## WHAT YOU SHOULD DO
Your copy should start at the line with "v no mirror" and end at the line with "Kazka Ingmar, Isadora, Iosac" in the data below. Transcribe only those lines, exactly, pictures excluded.

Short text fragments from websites
•••
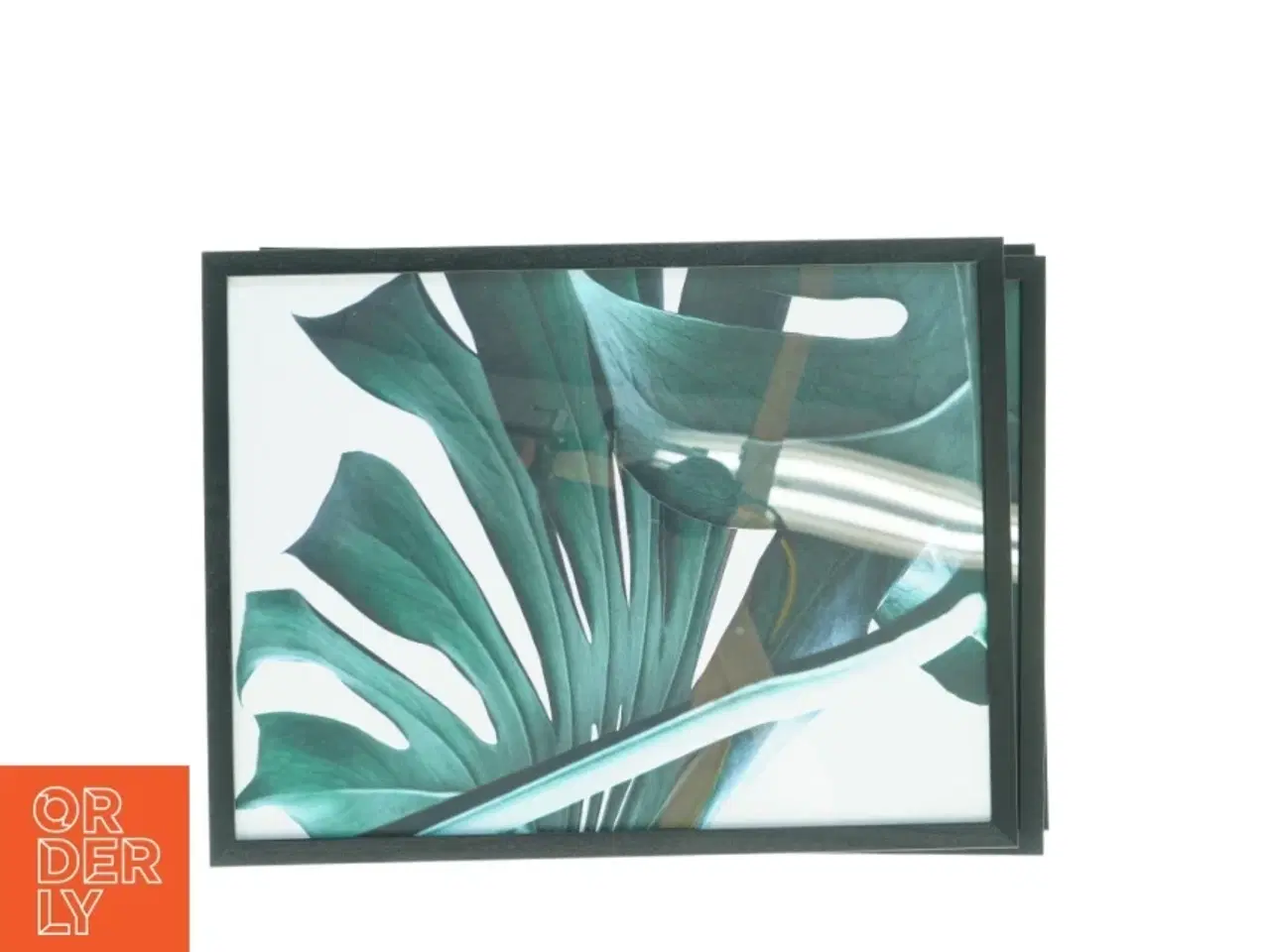 Billede 1 - Sort billedramme med plante motiv, 3 stk (str. 42 x 32 cm)
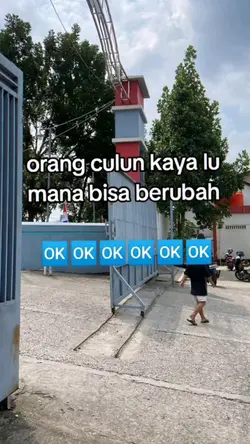 v no mirror 
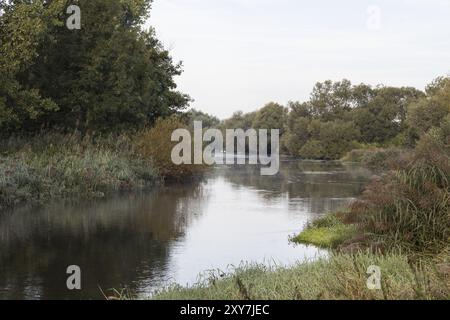 Isar altes Wasser, Isar Rückwasser Stockfoto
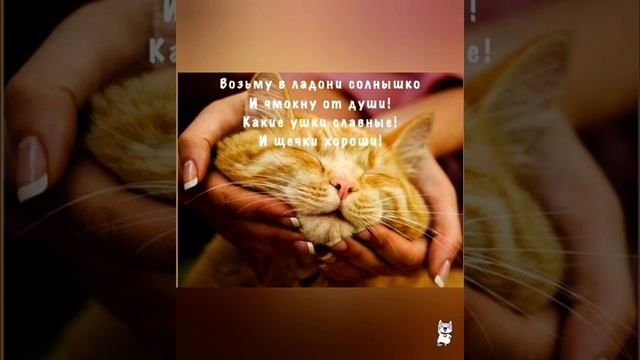 Всегда жди вкусняшек смотри смешные картинки мемы кот смотреть онлайн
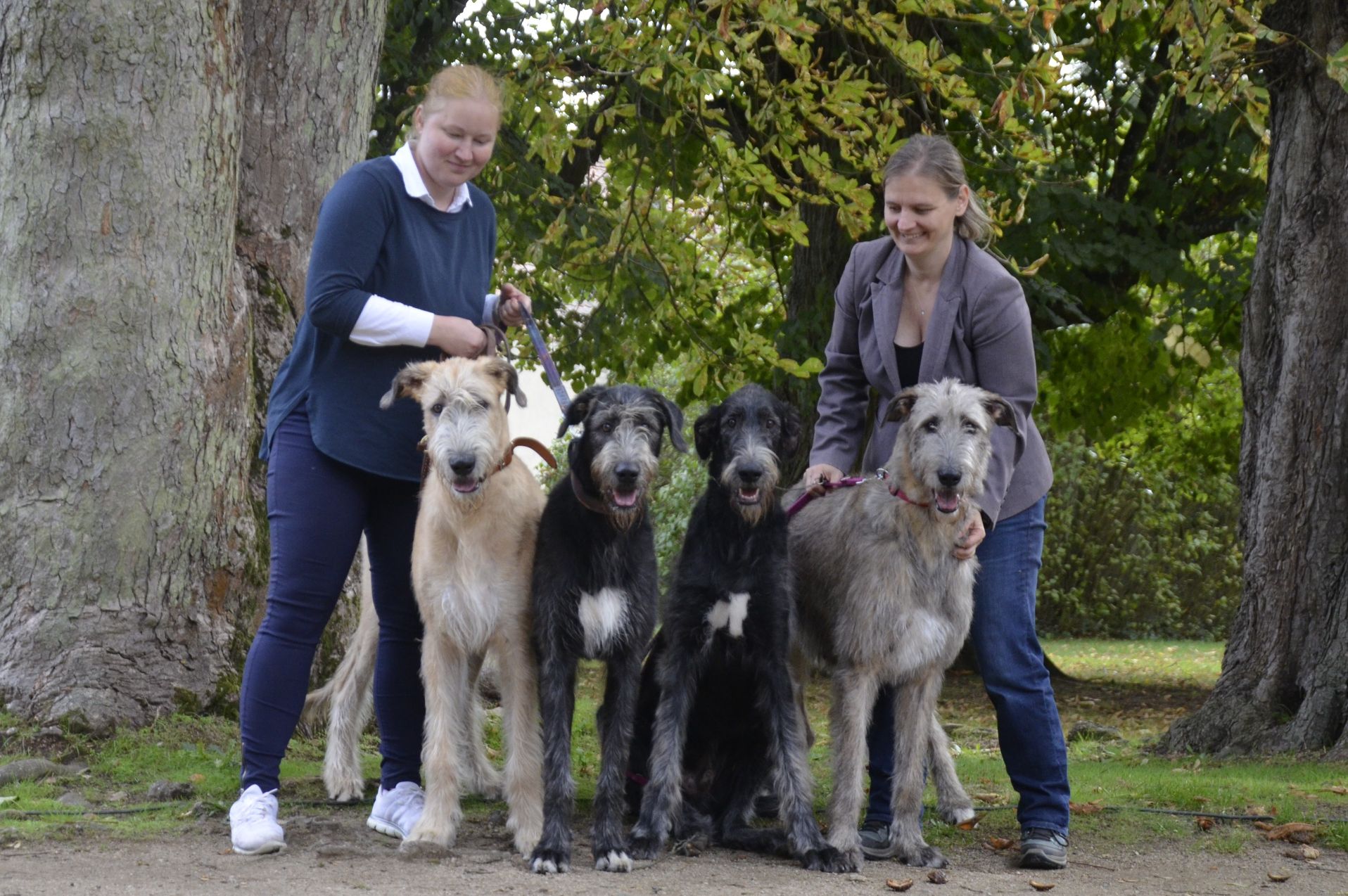 Ingmar, Isadora, Iosac Really Irish a Monsters Inc Kazka Ingmar, Isadora, Iosac Really Irish a Monsters Inc Kazka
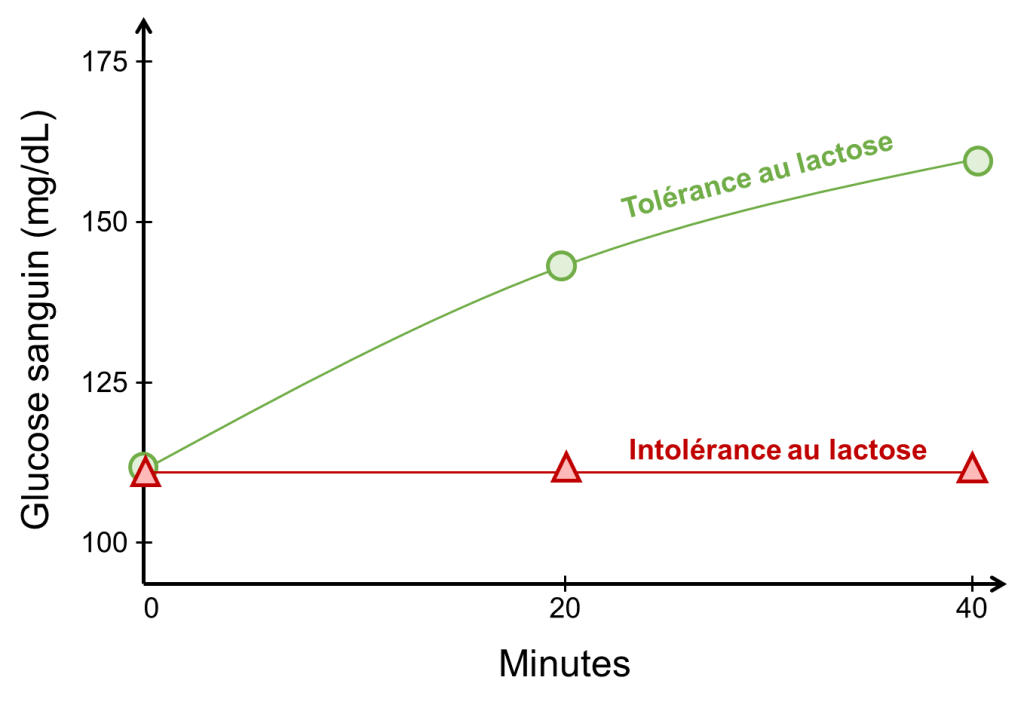 Graphique avec le glucose sanguin (mg/dL) sur l’axe des Y et les minutes sur l’axe des X. Une première courbe représente les individus tolérants au lactose. Après l’ingestion de lait, leur taux de glucose sanguin augmente progressivement. Une deuxième courbe représente les individus intolérants au lactose. Cette courbe a une pente nulle.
•••
## OUTPUT
 v no mirror 
 Isar altes Wasser, Isar Rückwasser Stockfoto
 Всегда жди вкусняшек смотри смешные картинки мемы кот смотреть онлайн
 Ingmar, Isadora, Iosac Really Irish a Monsters Inc Kazka Ingmar, Isadora, Iosac Really Irish a Monsters Inc Kazka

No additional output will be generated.